**RECORDS FOR PROCESSING:**
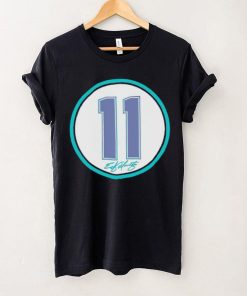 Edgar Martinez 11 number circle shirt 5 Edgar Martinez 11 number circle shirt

---

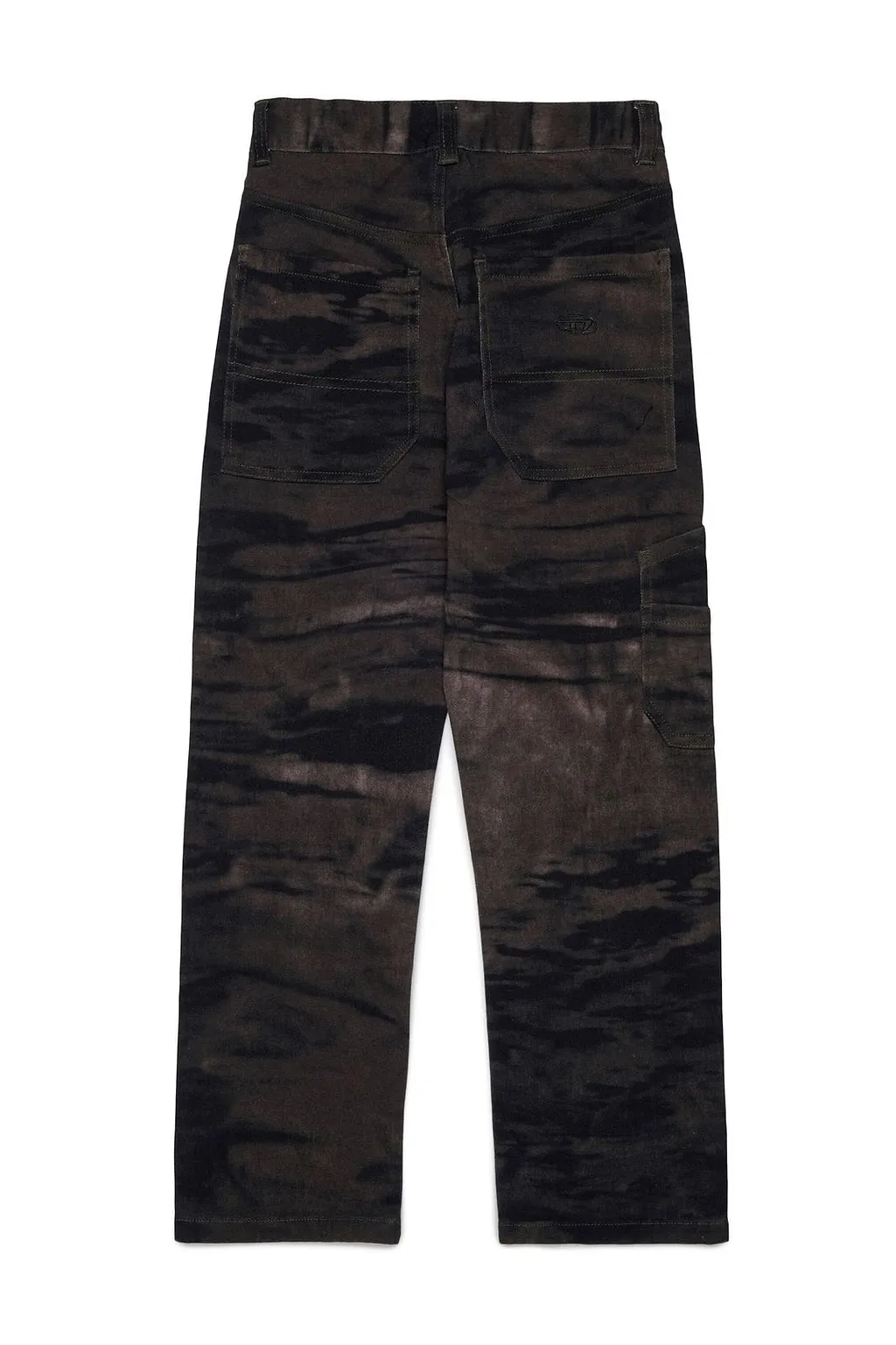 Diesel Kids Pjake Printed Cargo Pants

---

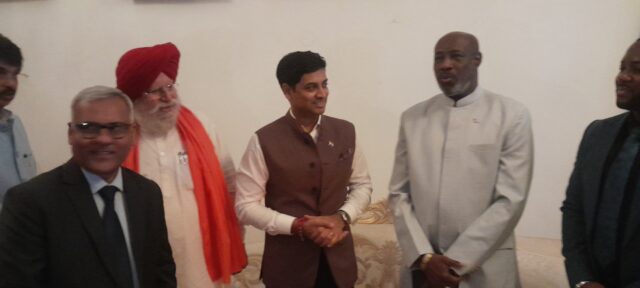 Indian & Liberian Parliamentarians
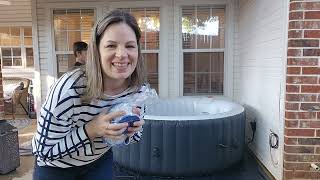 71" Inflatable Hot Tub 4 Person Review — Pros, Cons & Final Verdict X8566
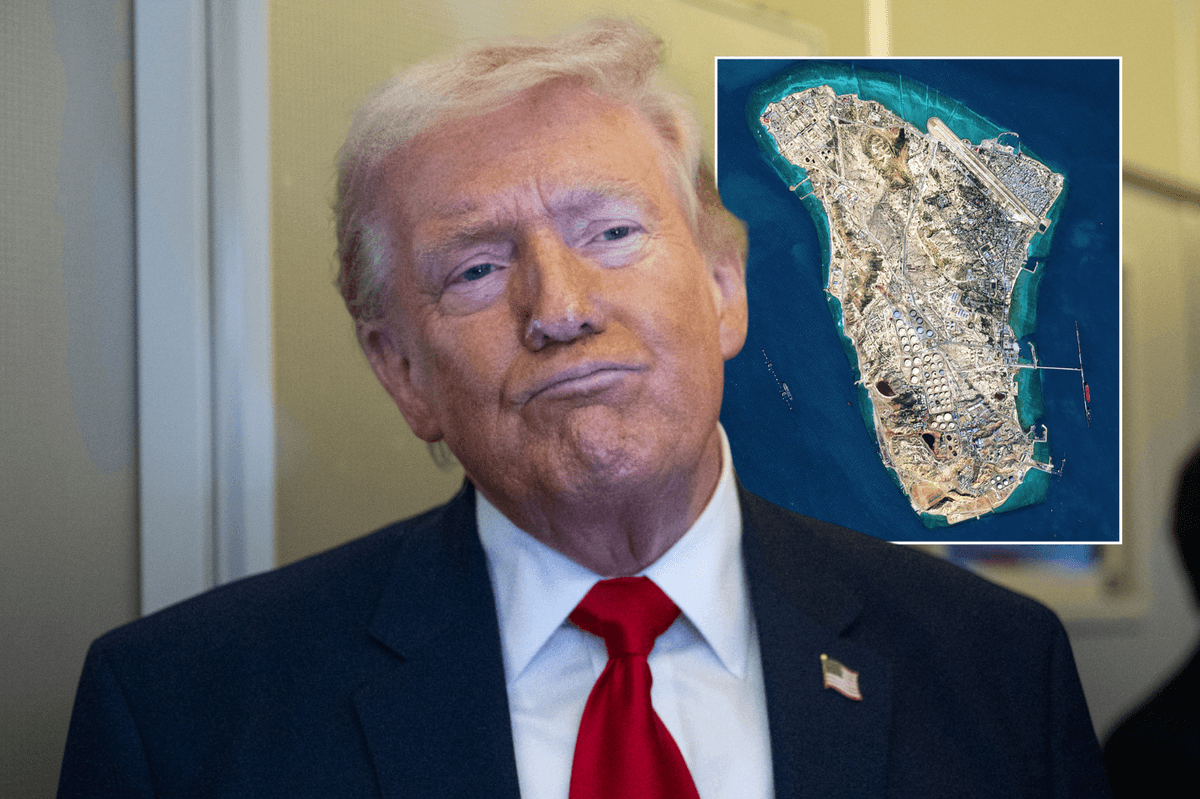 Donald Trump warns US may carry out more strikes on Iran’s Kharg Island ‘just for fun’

**ABOUT THIS EXERCISE:**
The result should be an exact copy of only the lines above from the one that holds "Final Verdict X8566" through the one that holds "Donald Trump warns", both ends included, without pictures.

**TASK SOLUTION:**
 71" Inflatable Hot Tub 4 Person Review — Pros, Cons & Final Verdict X8566
 Donald Trump warns US may carry out more strikes on Iran’s Kharg Island ‘just for fun’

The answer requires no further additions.